Still, I cannot help but feel sad whenever one of our members moves on. I want them all to know that we are here when they return and will accept them back into the family, no questions asked, nothing required.
In the first post I placed on here, I went over all my basic information. I really wanted to dive into some good subject matter but as I am sitting here thinking about the Holy Paladin and the different aspects of managing it and running it effectively, I started to think about a run last night which I had no part in. I mentioned yesterday that my wife plays and that she rolled a Paladin as well. Last night my guild was trying to get a run together for a few members who needed to do Mech. They had asked if I would go and I said I would, but honestly I was not feeling too into it. My wife was on and indicated she was interested in running Heroic Mech, as she has not had much experience with heroics, I thought it would be good for her. So I decided if they needed I could run one of my alts, well before I knew it the group filled up and away they went. Apparantly not needing my services, which did not upset me at all. It actually gave me the opportunity to watch someone run an instance for the first time.
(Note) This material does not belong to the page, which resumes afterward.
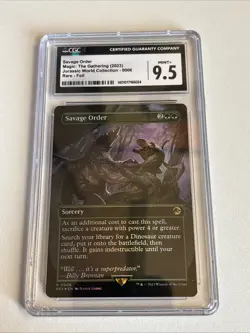 MTG Savage Order ( FOIL Borderless) : Jurassic World CGC 9.5 MINT - Image 1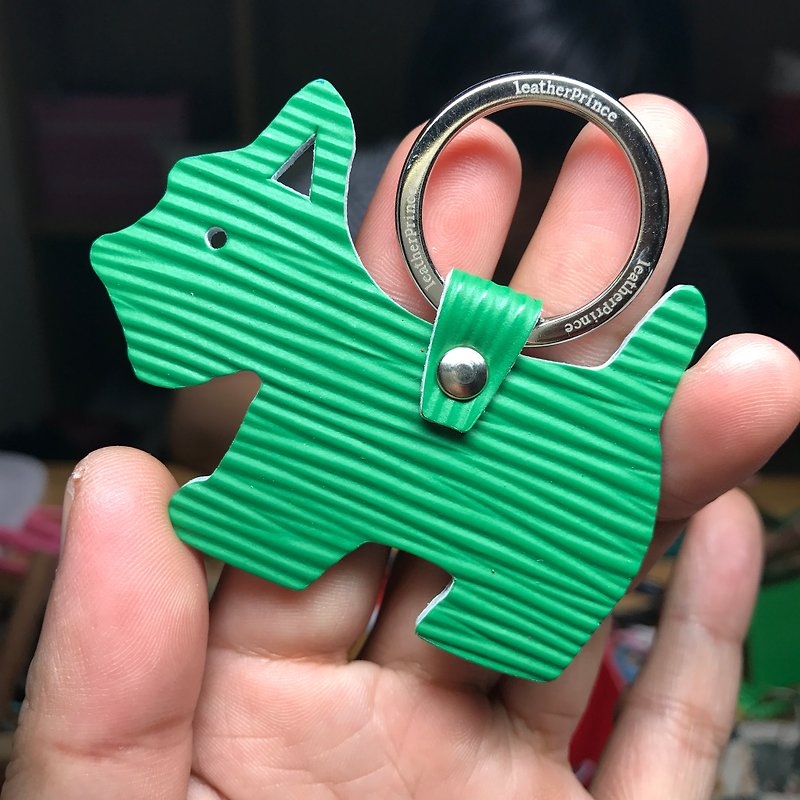 {Leatherprince handmade leather} Taiwan MIT green cute shenrui silhouette version leather key ring / Schnauzer Silhouette epi leather keychain in green (Small size / - ที่ห้อยกุญแจ - หนังแท้ สีเขียว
My wife does a great job as a Paladin and has taken a completely different way of arriving at 70, as well as, getting her gear.
My method was go fast and hard to 70. When my Pali hit 58 I immediately dropped all old world quests and went to outland where I ground mobs, quests, and dungeons, on my way to 70. I had some regret over this afterwards, but that is for another time. My wife; however, took her time, she would run stuff she wanted to and spent plenty of time experiencing the journey to 70, both the good and bad. Last night was no different. Our set up for our computers is almost right next to each other, which allows me to stop and help her (or yell, unfortunately at times... we are all human). Even before the group began to run, she stated she did not like the fact that I was not there to hold the guild members in line and make sure things remained as smooth as possible. I reassured her things would be fine. She had one of our best tanks in the guild, who has much experience and has been playing WoW much longer than I have, a geared rogue with good experience, a veteran player who rolled a new ret pali (which she is working on learning to play effectively), and a prot pali who was there for gear and the experience of the run. They started off fairly good and while they had trouble at certain times (and who wouldn't with taking two prot specs on a heroic run), but they managed to complete the run. When the final boss dropped, my wife had a look of accomplishment, happiness, and relief on her face. It was one of the first times she has ran something as the main healer without me being in a group. It was amazing to see the confidence that one simple run gave her, and also the since of accomplishment that she felt. It was a great thing to see, and in some ways, it is a shame that more of us "veteran" players do not get to experience the newness of these moments.